It dawned on me last week that I had missed a very important date. My dad died three years ago on June 4th. I remember thinking it was coming up back in May but then totally spaced on the actual day. 😦
I felt bad that the day passed me by but thinking about it realistically and changing my perspective I decided not to be too hard on myself. Mom and dad are on my mind quite regularly – I tend to look at the clock on repeating digits – usually daily, sometimes a few times a day and when I do mom or dad or both pop into my head and pay me a little visit.
That’s not to say I didn’t wonder what I’d been doing on June 4th that would keep me so busy to forget. Technology is a wonderful thing – I looked through the pics on my phone and saw on the morning of the fourth I went up to Kelowna to spend the day with my daughter.

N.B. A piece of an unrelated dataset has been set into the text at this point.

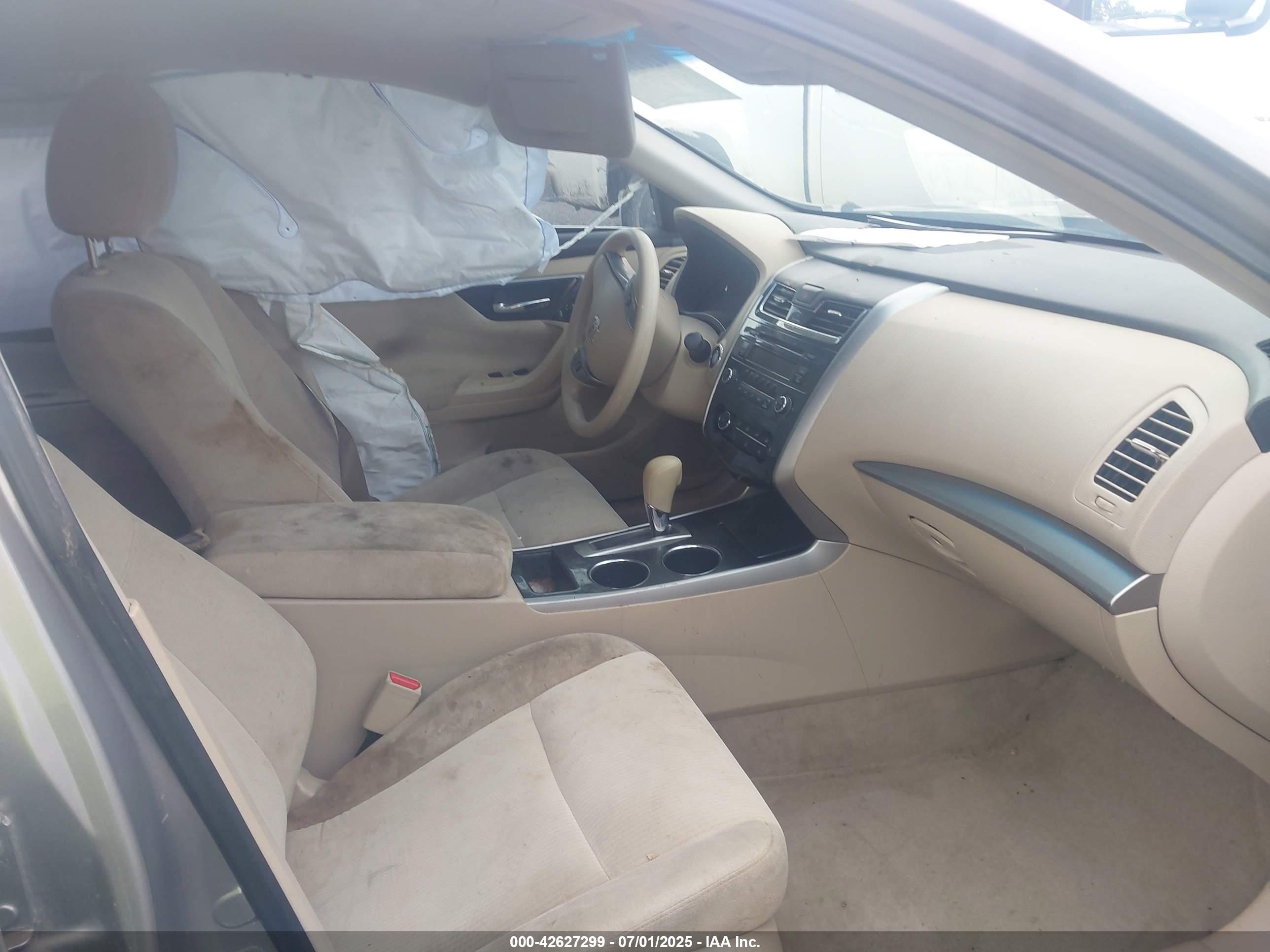 NISSAN ALTIMA image 5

We were supposed to go look at veils for her upcoming wedding (!) but my pup Finn decided he didn’t want to be left in the apartment…we could hear him in the elevator two floors down! I didn’t want him teaching Robin’s dog Baxter to be noisy…
So, change of plans, we decided to take the dogs down to McKinley Lake and have a picnic. It was a beautiful sunny day and the water was warm(ish).
When I got home that night I went into the back yard and saw an angel wing cloud (at the beginning of this post).
The next day I saw this angelic cloud
I felt compelled to play with the angel and dock pictures, add some filters, mix a couple of them together and came up with these, (not awesome but it was fun).
Looking back it seems like Mom and Dad were watching over me and even though I was self absorbed and didn’t notice at the time, it feels nice now.
I’m glad I remember them on a more daily basis; thinking about the life we shared when they were healthy and happy. Maybe it’s a good thing to be able to let go of the sadness of our last day together.